Work to be completed :: Using only the entries below, output the lines starting at the one containing "Here's how to" and ending at the one containing "If you're liking", exactly and inclusive of both, omitting the pictures.

Input material ::
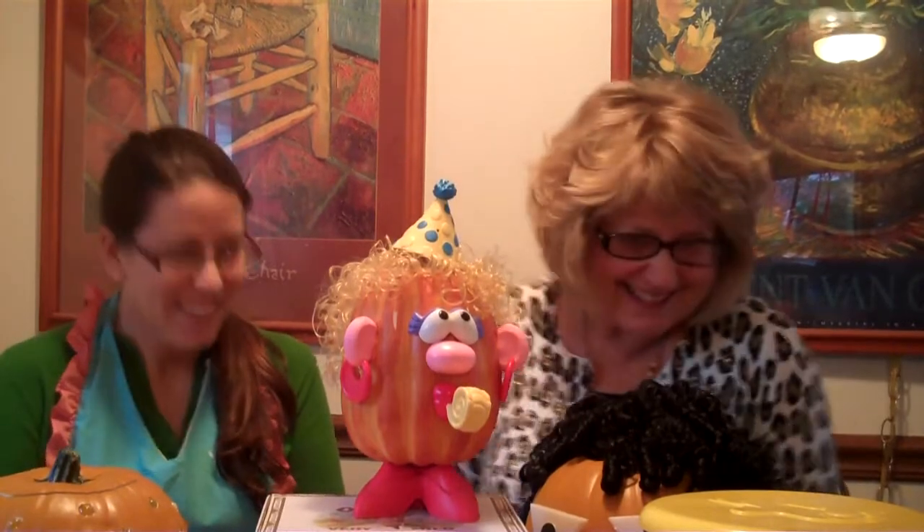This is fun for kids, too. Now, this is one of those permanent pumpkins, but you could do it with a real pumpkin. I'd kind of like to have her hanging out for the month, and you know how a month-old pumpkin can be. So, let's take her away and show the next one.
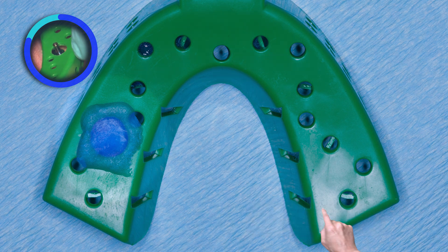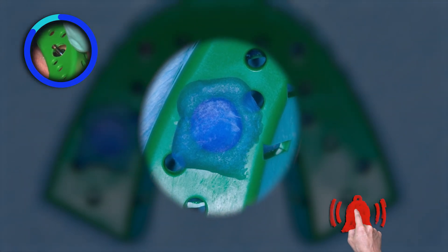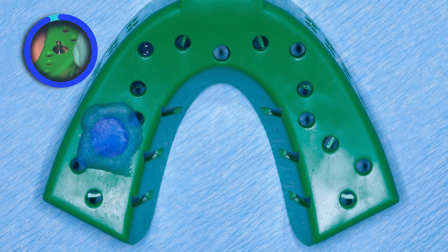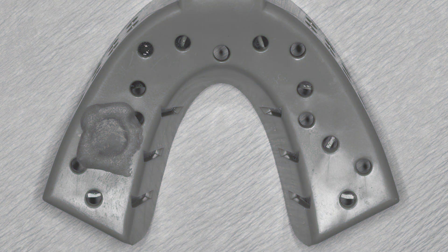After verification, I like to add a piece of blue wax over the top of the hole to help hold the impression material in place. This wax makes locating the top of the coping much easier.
...
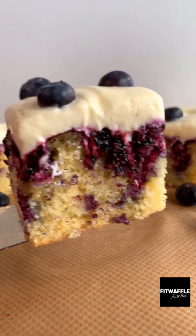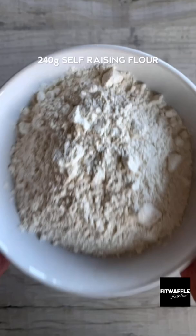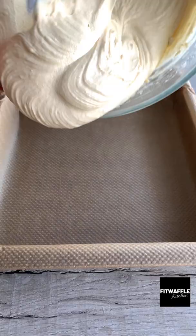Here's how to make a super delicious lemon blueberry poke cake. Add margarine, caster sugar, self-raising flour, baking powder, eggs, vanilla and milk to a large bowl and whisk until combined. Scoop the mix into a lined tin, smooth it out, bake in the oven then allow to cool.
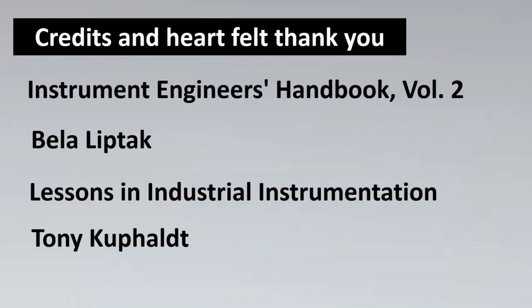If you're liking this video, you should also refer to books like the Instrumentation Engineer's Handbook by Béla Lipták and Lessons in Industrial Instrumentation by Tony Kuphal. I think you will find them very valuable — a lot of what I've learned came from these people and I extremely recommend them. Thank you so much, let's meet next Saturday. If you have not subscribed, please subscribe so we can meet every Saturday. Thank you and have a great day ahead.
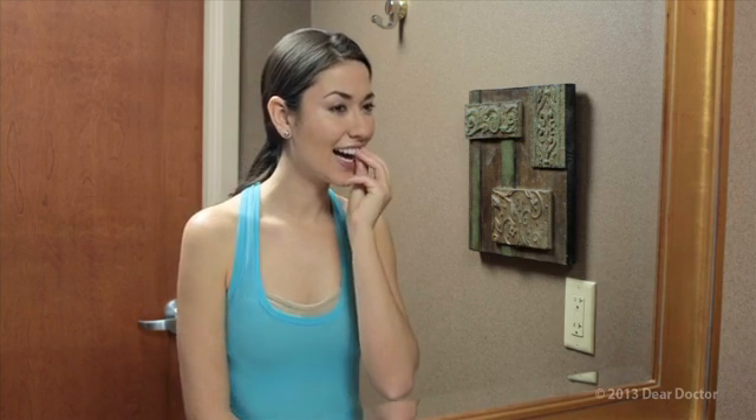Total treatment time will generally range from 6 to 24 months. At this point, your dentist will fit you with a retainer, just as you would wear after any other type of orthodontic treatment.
* * *
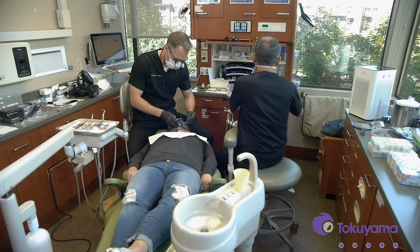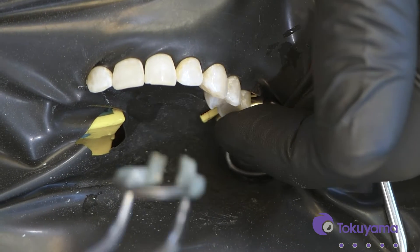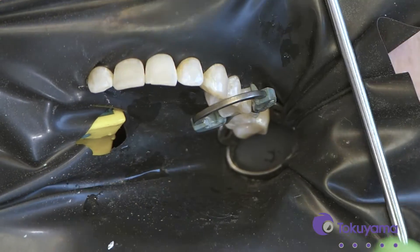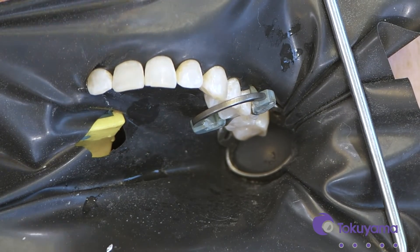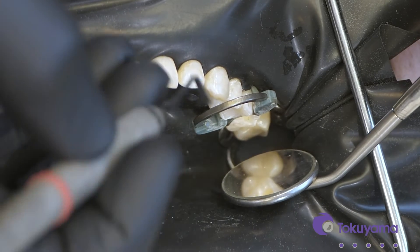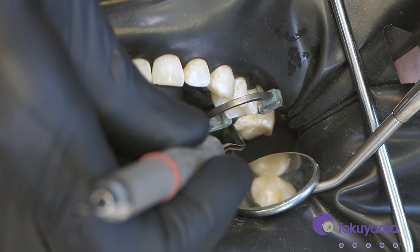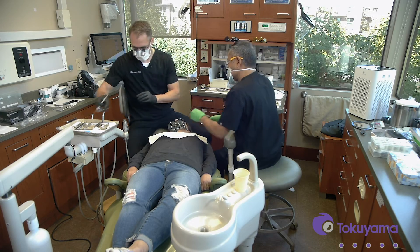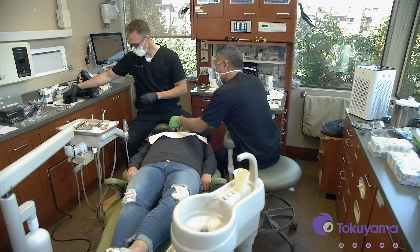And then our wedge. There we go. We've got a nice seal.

Output below ::
Here's how to make a super delicious lemon blueberry poke cake. Add margarine, caster sugar, self-raising flour, baking powder, eggs, vanilla and milk to a large bowl and whisk until combined. Scoop the mix into a lined tin, smooth it out, bake in the oven then allow to cool.
If you're liking this video, you should also refer to books like the Instrumentation Engineer's Handbook by Béla Lipták and Lessons in Industrial Instrumentation by Tony Kuphal. I think you will find them very valuable — a lot of what I've learned came from these people and I extremely recommend them. Thank you so much, let's meet next Saturday. If you have not subscribed, please subscribe so we can meet every Saturday. Thank you and have a great day ahead.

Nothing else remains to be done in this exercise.